Le thème de la Sainte-Baume comporte donc la Basilique creusée dans le roc, les deux hôtels en anneaux qui devaient occuper dignement le paysage et la Cité Permanente d’habitation à l’autre bord du plateau. Proche de cette Cité Permanente, un hasard avait laissé subsister une vieille bergerie en ruines, mais combien émouvante, laquelle devait servir, pourrait servir, et servira peut-être à la création d’un musée de Marie-Madeleine où le talent de Trouin trouvera à se manifester tant par l’iconographie exceptionnelle rassemblée que par la manière de l’exposer, intense et émouvante.

Retour à Ronchamp

Avec une symétrie parfaite que seule la vie peut offrir avec autant d’ironie, soixante ans plus tard, c’est la fondation Le Corbusier qui s’élèvera avec véhémence contre le projet des sœurs clarisses de faire construire dans la pente de la colline de Ronchamp un monastère enterré. Et les idolâtres de Corbu s’épanchèrent en diatribes qui sont autant de procès d’intention contre la congrégation religieuse.

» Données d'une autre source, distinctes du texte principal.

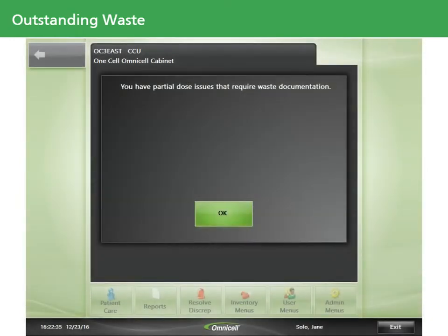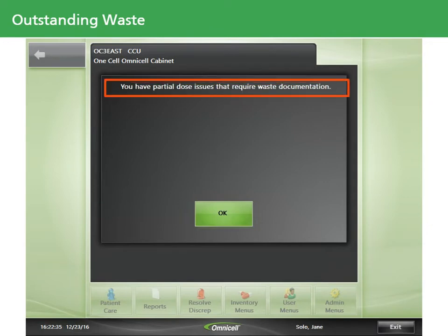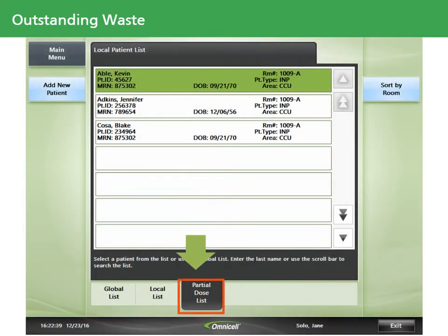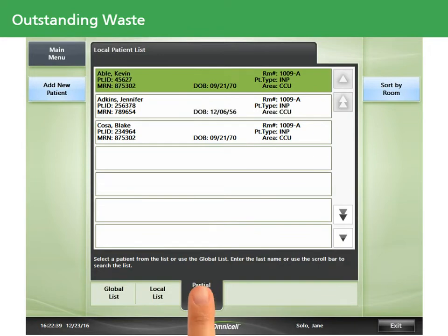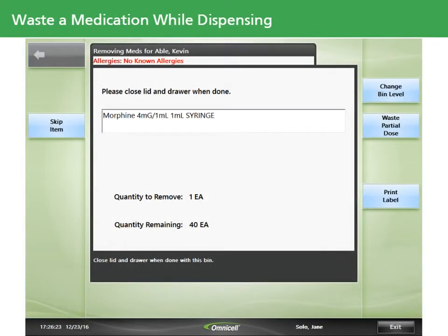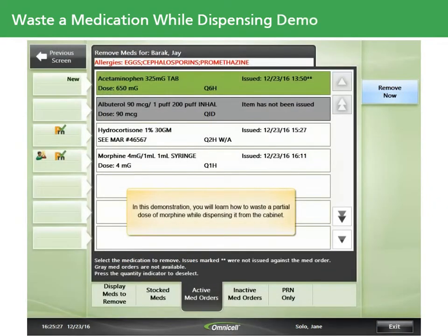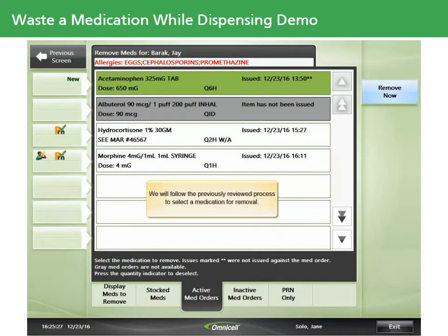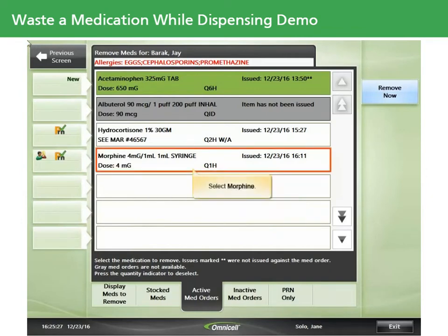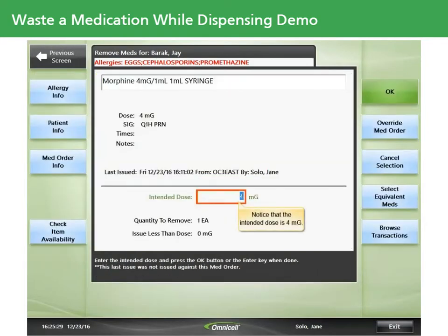When the system detects that you have an outstanding waste for one or more medications, it will prompt you upon login that you have partial dose issues that require waste documentation. You'll then select the partial dose list, which is populated with patient names who have undocumented medication issues, and document the outstanding doses. While dispensing a medication from the OmniCell cabinet, you also have the opportunity to waste a partial dose during the issue of an item. Touch the Waste Partial Dose button to initiate the waste. In this demonstration, you'll learn how to waste a partial dose of morphine while dispensing it from the cabinet.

Ainsi William J R Curtis :


"La porterie est hors d’échelle ; la chapelle [celle de Corbu] se tient maladroitement au-dessus d’elle, comme un objet désarticulé. À l’intérieur, on trouve tout le bazar touristique que Le Corbusier espérait éviter : restauration rapide, livres, bibelots, vacarme des visiteurs. La «resacralisation» tant annoncée du site de Ronchamp a fini en «machine à prosélytiser» des pleins cars de cathéchumènes et en recolonisation du site au profit de l’Église officielle et du tourisme de masse : précisément l’«effet Lourdes» que Le Corbusier refusait pour ce lieu de méditation. Rappelons-nous le Christ chassant les marchands du temple dans la Bible. En dépit de l’adjectif «pauvres» de leur nom, les religieuses de l’ordre des Clarisses disposent maintenant d’espaces généreux et d’aménagements relativement coûteux. S’agit-il bien d’un monastère ou d’un futur centre de séminaires ? …Même si Le Corbusier n’était attaché à aucune croyance précise, il avait su créer à Ronchamp un endroit sacré, en harmonie avec le paysage et son passé. La religion officielle prend aujourd’hui sa revanche ; avec ses architectes, elle a définitivement détruit l’aura de ce chef-d’œuvre de l’humanité et perturbé le génie du lieu d’une colline qui était sacrée depuis des siècles. Les malheureux Le Corbusier et père Couturier doivent se retourner dans leurs tombes."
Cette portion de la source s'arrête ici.